#### ASSIGNMENT
Would you print exactly the lines that begin the listing and continue through the line holding "Only at Azteca"? No pictures, please.

#### DATA PROVIDED
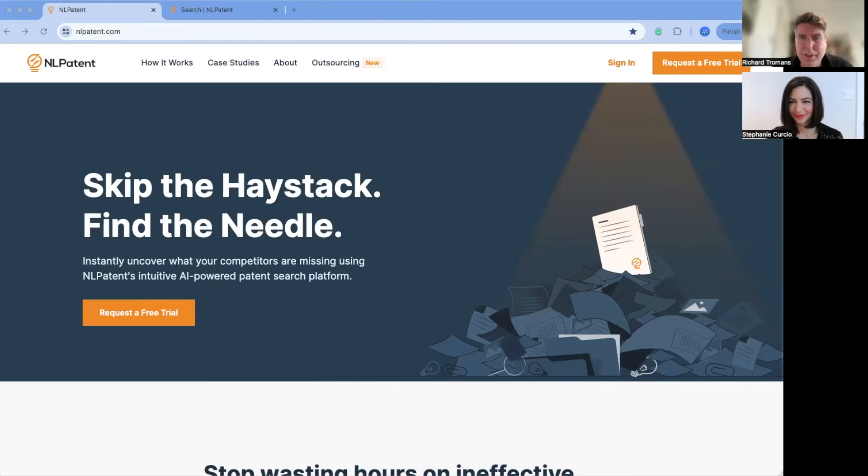Hi everybody. Richard Tremens here again from Artificial Lawyer. For the very first ALTV product walkthrough since coming back from sabbatical, I'm delighted to introduce Stephanie, the founder and CEO of NL Patents, which you're going to hear about very shortly.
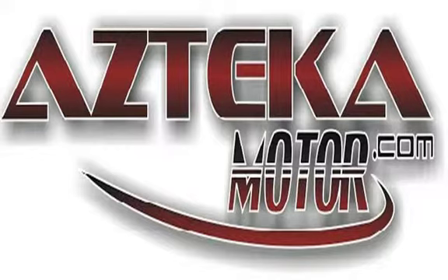Only at Azteca Motor — remember the name: Azteca Motor, home of the no credit check.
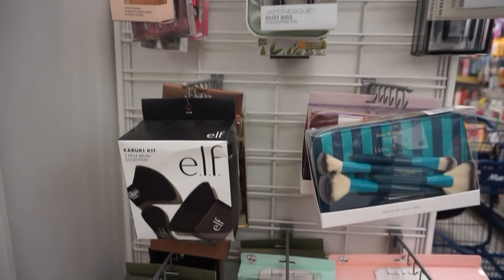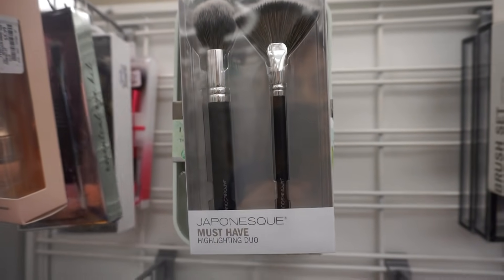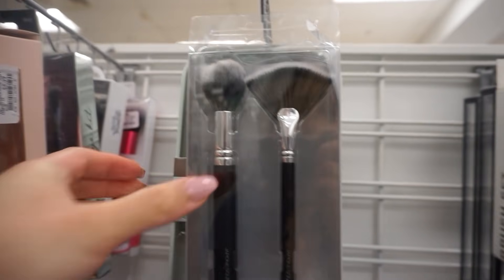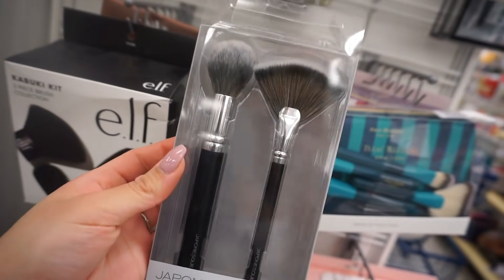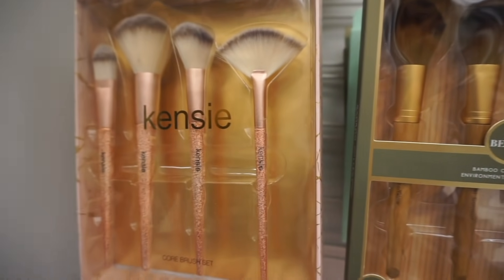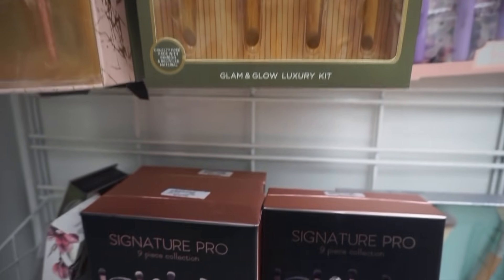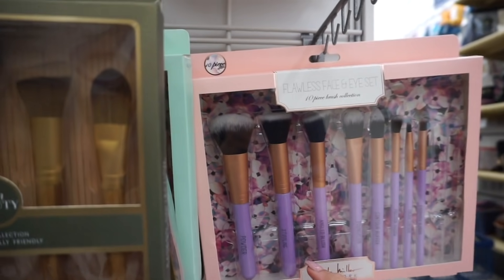Now we have some makeup brushes here. I know I don't need any more makeup brushes, but this little highlighting duo from Japonesque is speaking to me — it's five dollars, so $2.50 per brush, I'll take it. The makeup brushes here are actually really, really good. If you guys ever need some really good affordable ones, Marshall's and TJ Maxx is where it's at.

#### WORKED SOLUTION
Hi everybody. Richard Tremens here again from Artificial Lawyer. For the very first ALTV product walkthrough since coming back from sabbatical, I'm delighted to introduce Stephanie, the founder and CEO of NL Patents, which you're going to hear about very shortly.
Only at Azteca Motor — remember the name: Azteca Motor, home of the no credit check.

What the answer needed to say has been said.